But why wade through the bucketloads of information when you could nab your top marketing tips courtesy of B&T?

When it comes to marketing to consumers, it’s no surprise that the 45-year-old white male is no longer the only person you’re marketing to, and the diversity marketing panel made that abundantly clear.

“91 per cent of women don’t think marketers or advertisers understand them,” director of BecBrideson.com, Bec Brideson, said.

“Marketing and advertising strategies were invented in the 1950s and it was a post-war era, where women were housewives and men went to work.

“And the men came up with marketing, and it was a very masculine construct and we’ve all inherited this.”

So what can you do about it?

“Men are more focused on headline and the facts, women more drawn to people, community, detail, how does it make us feel?” Brideson explained.

“I want everyone to go and look at their female opportunity and put a taskforce together.

“Brands need to say are we speaking to males or females? Because females are very different to men – not better or worse – just different. It starts with gender.”

Looking to the LGBT market, Pink Media Group’s managing director Ben Mulcahy said it’s unrealistic to ignore a market that is so much ingrained in our society.

“There’s a $20 billion earning in this market,” he said. “And they are early adopters of new technology.”

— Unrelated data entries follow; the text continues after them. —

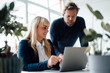 © BusinessClass by W61 - Happy businesswoman having discussion with colleague over laptop in office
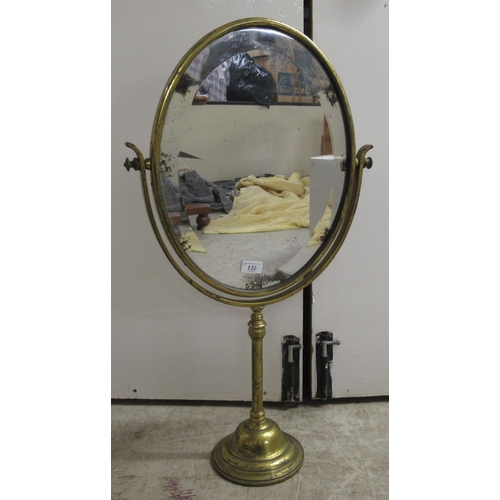 194 - An early 20thC brass framed dressing room toilet mirror, the bevelled plate pivoting/rotating on a t... 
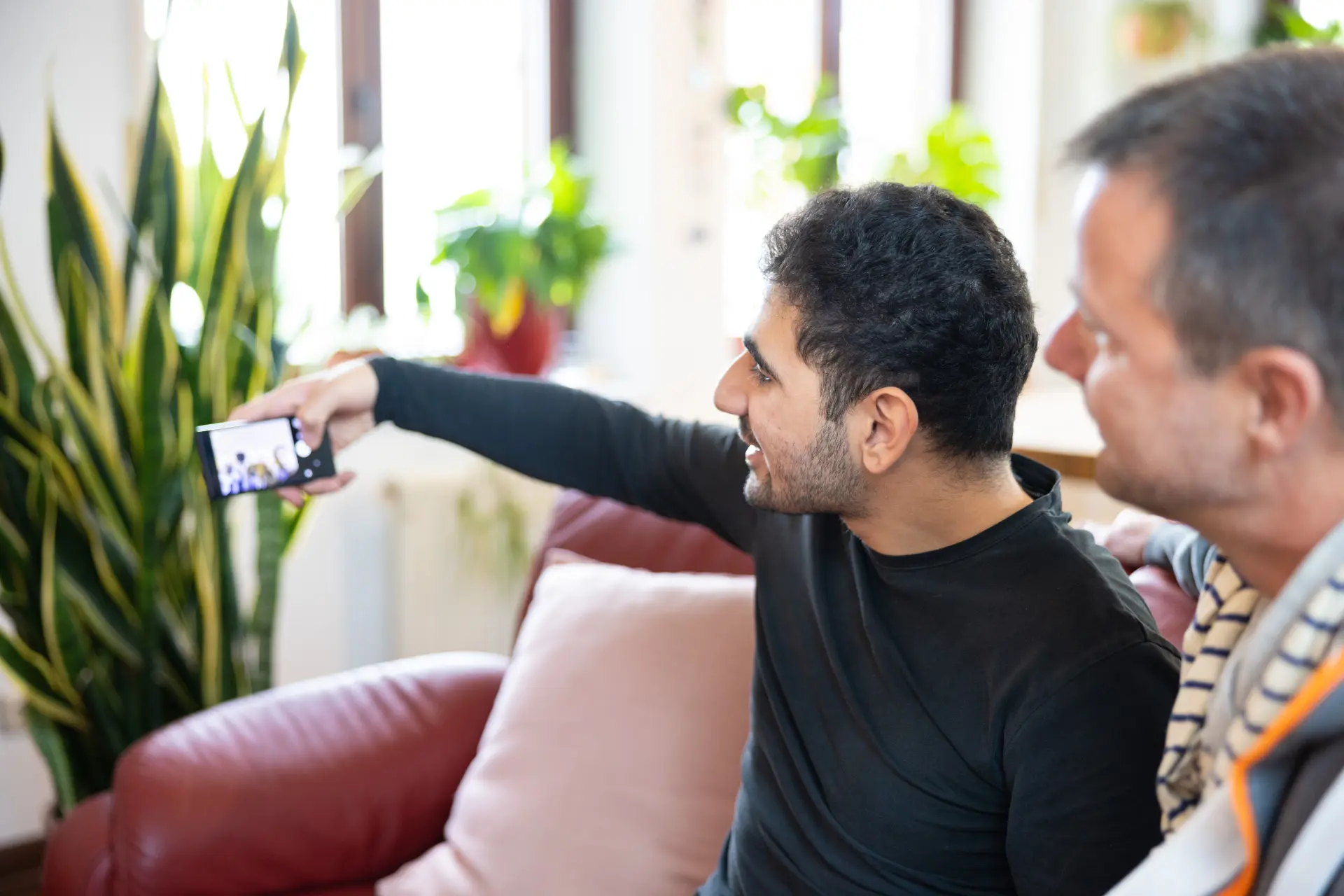 Zwei Männer sitzen auf einem Sofa, einer hält ein Smartphone und macht ein Selfie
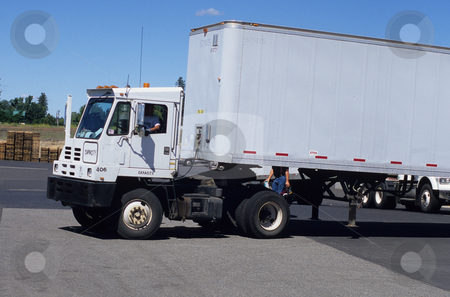 To use this stock image in your creative project, please select the size you need over to the right and click the "Add to Cart" button.
Your downloaded image will come with the Cutcaster watermark removed so don’t worry about the watermark you see on this page. Warehouse Trailer Spotter stock photo, Grocery warehouse trailer spotter by Mallorey Orcutt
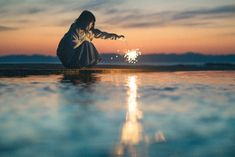 a woman kneeling down on the ground with a sparkler in her hand at sunset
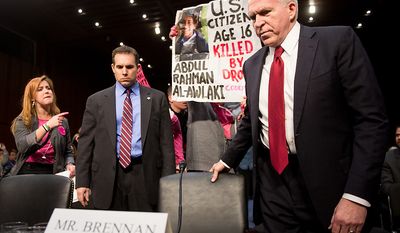 Anti-war protesters yell and hold signs as John O. Brennan arrives to testify before the Senate Select Committee on Intelligence at a hearing on Capitol Hill in Washington on Thursday, Feb. 7, 2013, on his nomination to head the Central Intelligence Agency. (Andrew Harnik/The Washington Times)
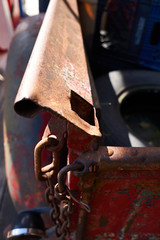 Vintage red pickup tailgate with junk in the truck bed
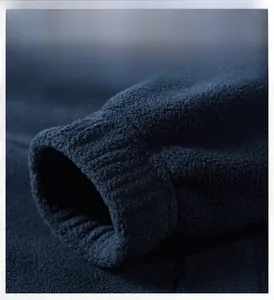 Detail of elastic ribbed cuffs on a thick dark blue fleece jacket for men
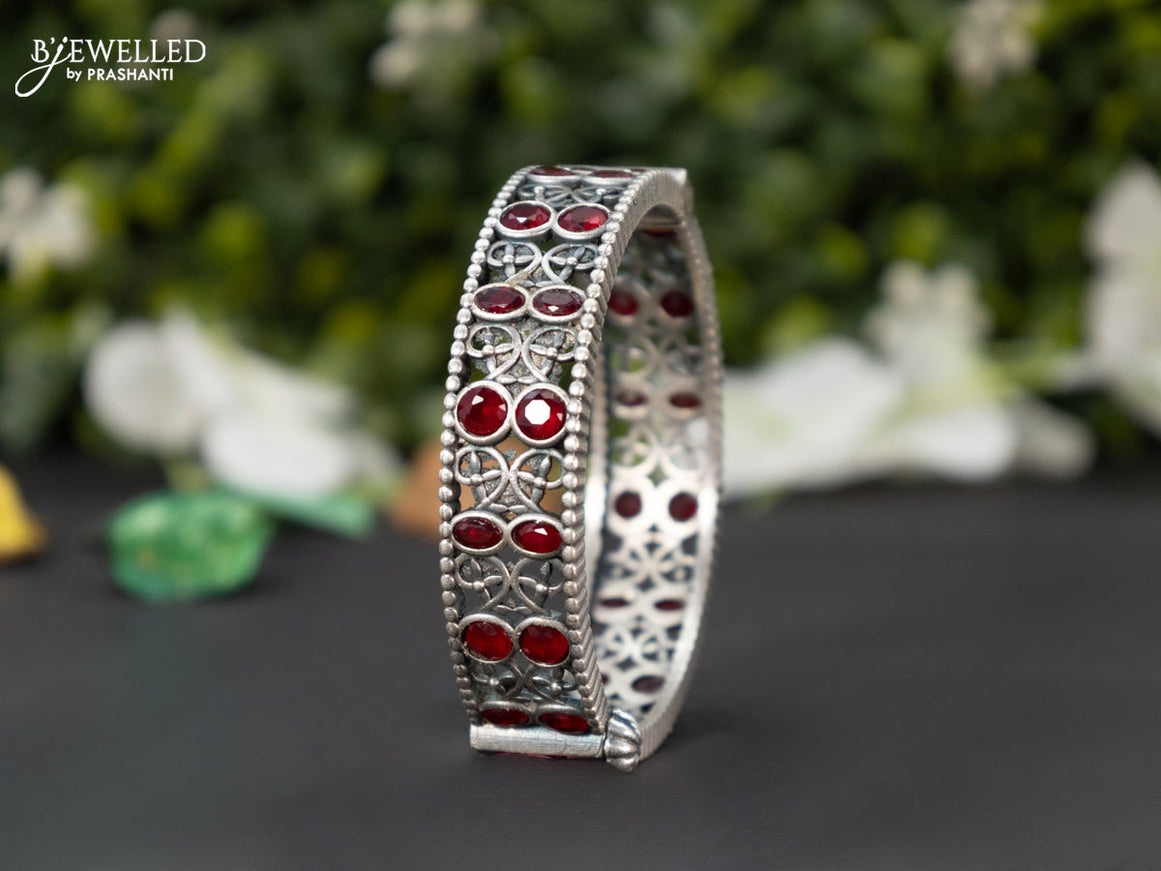 Oxidised screw type bangle with ruby stones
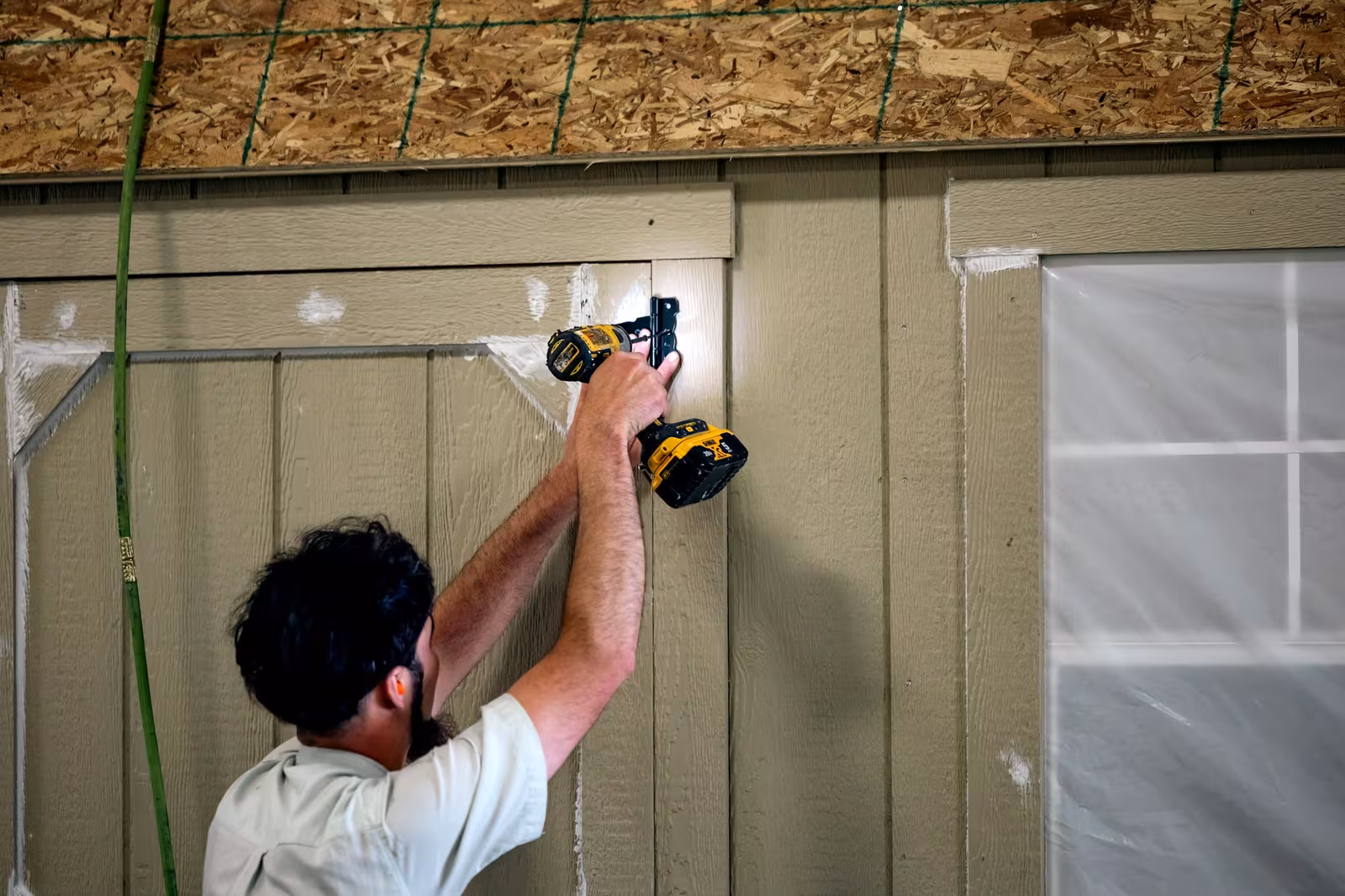 An Amish crew raising a framed wall on a shed in the workshop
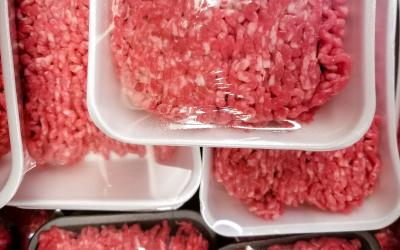 Sealed packages of ground beef stacked inside a meat cooler at a grocery store.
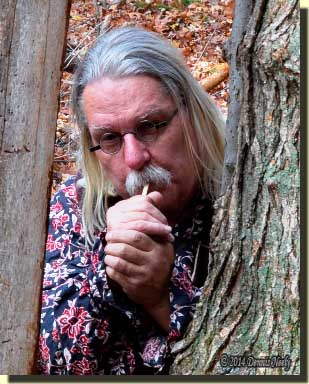 A traditional woodsman clucking on a single wing bone call.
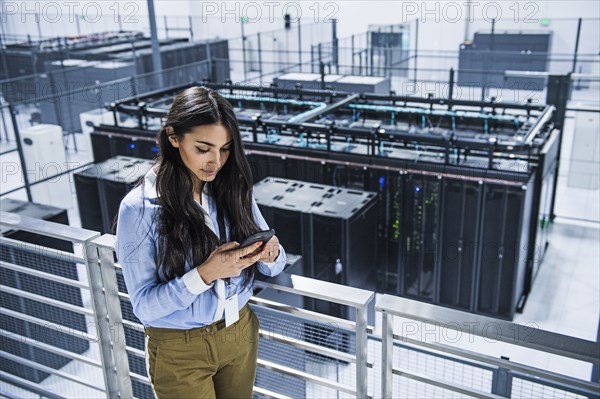 Mixed race businesswoman using cell phone on balcony over server room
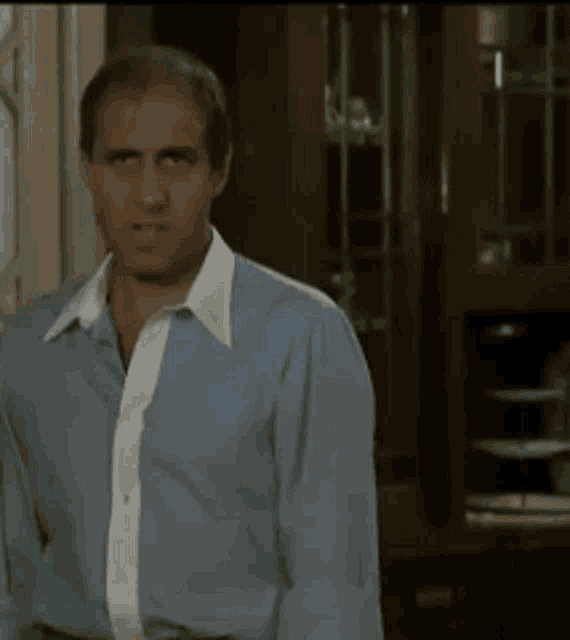 Adriano Celentano Shirt Off GIF. Adriano Celentano Shirt Off GIF.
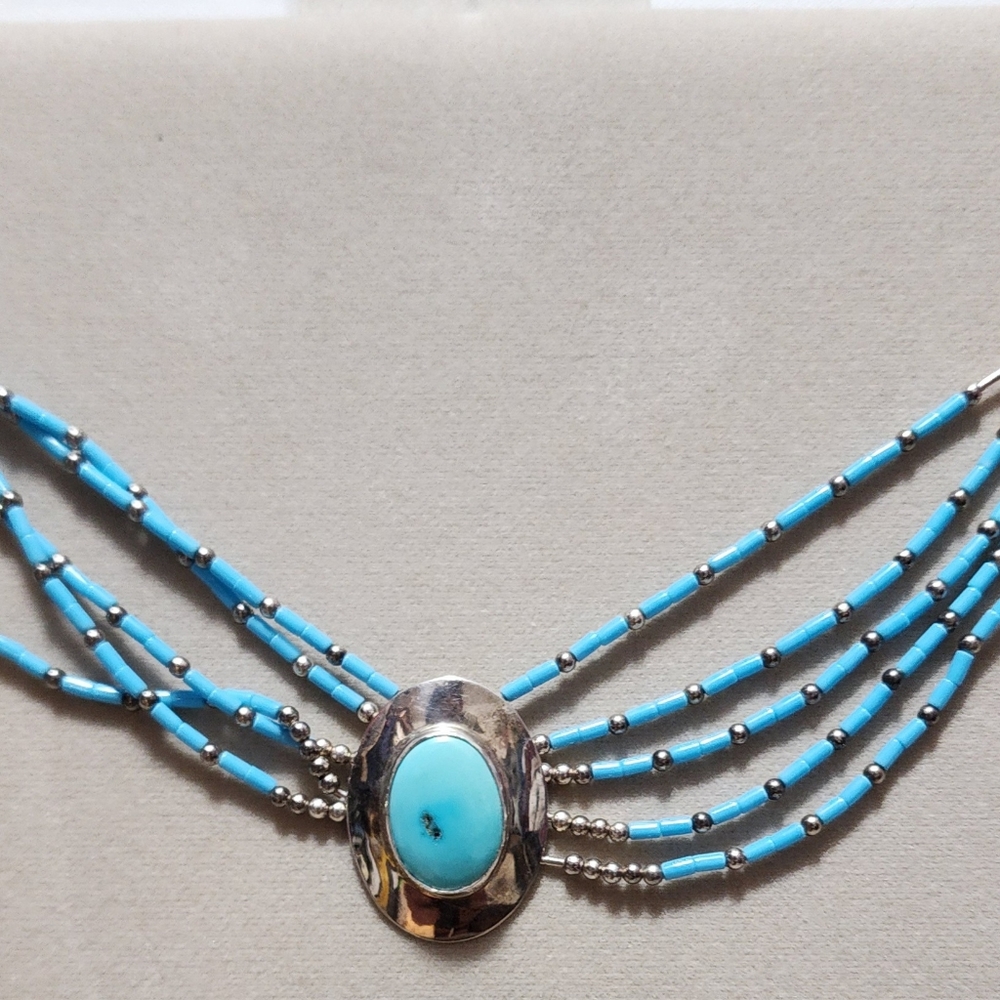 Turquoise Handmade Necklace with small tubular beads and sterling silver.
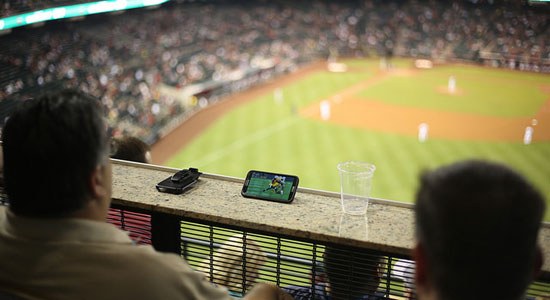 man at baseball game watching football on his phone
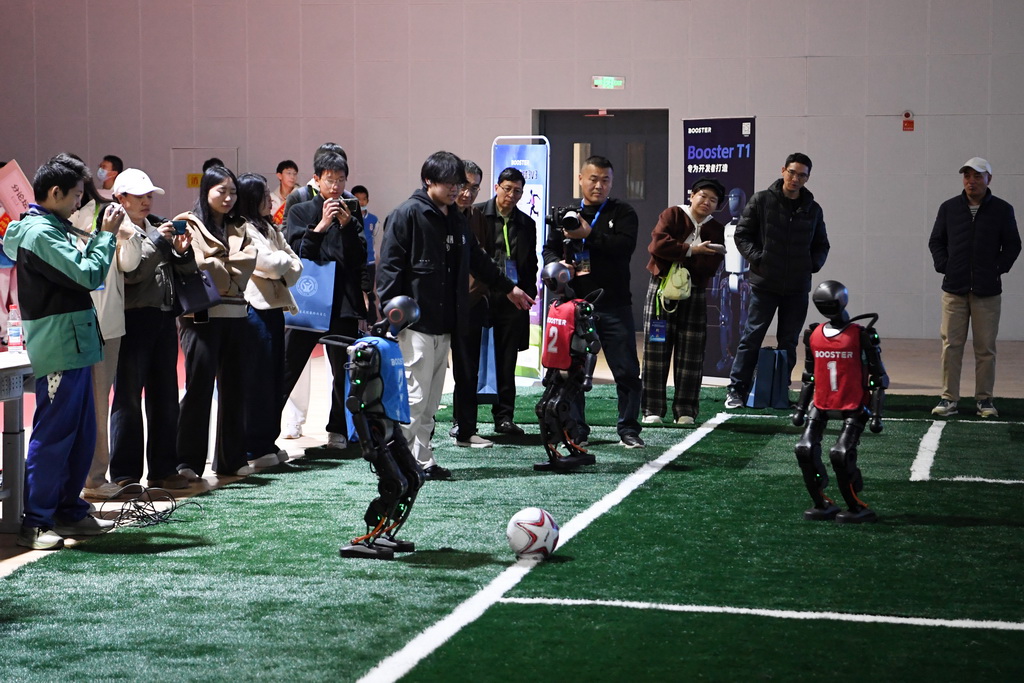 11月15日，人們在人形機器人演示現場觀看一場機器人3對3足球賽。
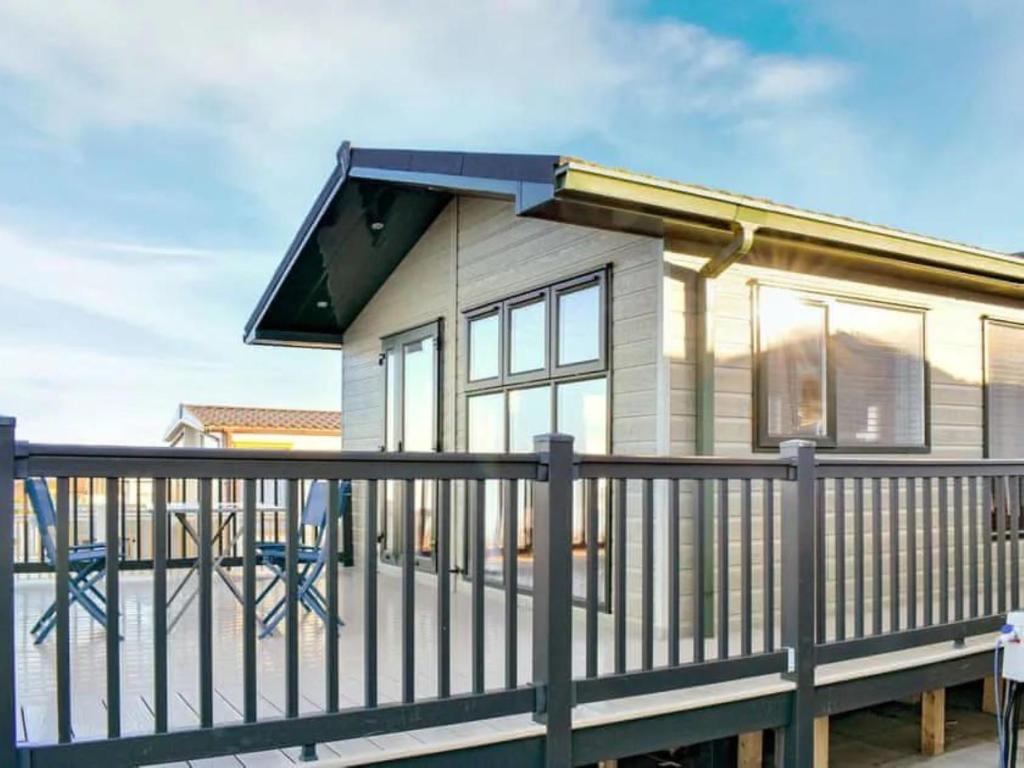 a small house with a railing on a deck at Victory Lodge 2 Bedroom - Sleeps 6 - Bron-Y-Wendon Holiday Park in Llanddulas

Mulcahy used the recent Mardi Gras sponsorship of Airbnb as an example of this, saying the reason the home-sharing business is so in tune with the audience is because they “knew the LGBT market was very quick on the uptake with Airbnb”.

“What holds a lot of clients back is laziness. It’s easy to put an ad on TV and say ok job done. There’s a lot more work involved to tailor a message to a range of audiences but you get a better result.”

“Go that extra mile and adapt your marketing campaign to talk to different audiences.”

But it’s not just the younger consumers that marketers are missing. Founder and CEO of WYZA, a platform for over 50s, Michael Farley, said marketers aren’t listening to this age bracket.

“There’s 7.9 million Australians over 50,” he said. “The spend of this group of $200 billion on household products annually.”

“It’s a huge market and marketers are not addressing it. We’ve got to understand our audiences better.”

“Talking to our age demographic of 50 plus, our survey shows that age now is just a number and they didn’t like to be talked to as if they were old, or a senior or a pensioner,” Farley added.

“There’s this realisation that when you get to 50 you’ve still got half of your adult life to go. It’s all about speaking to them in a way they want to be spoken to. Why treat them like a minority?”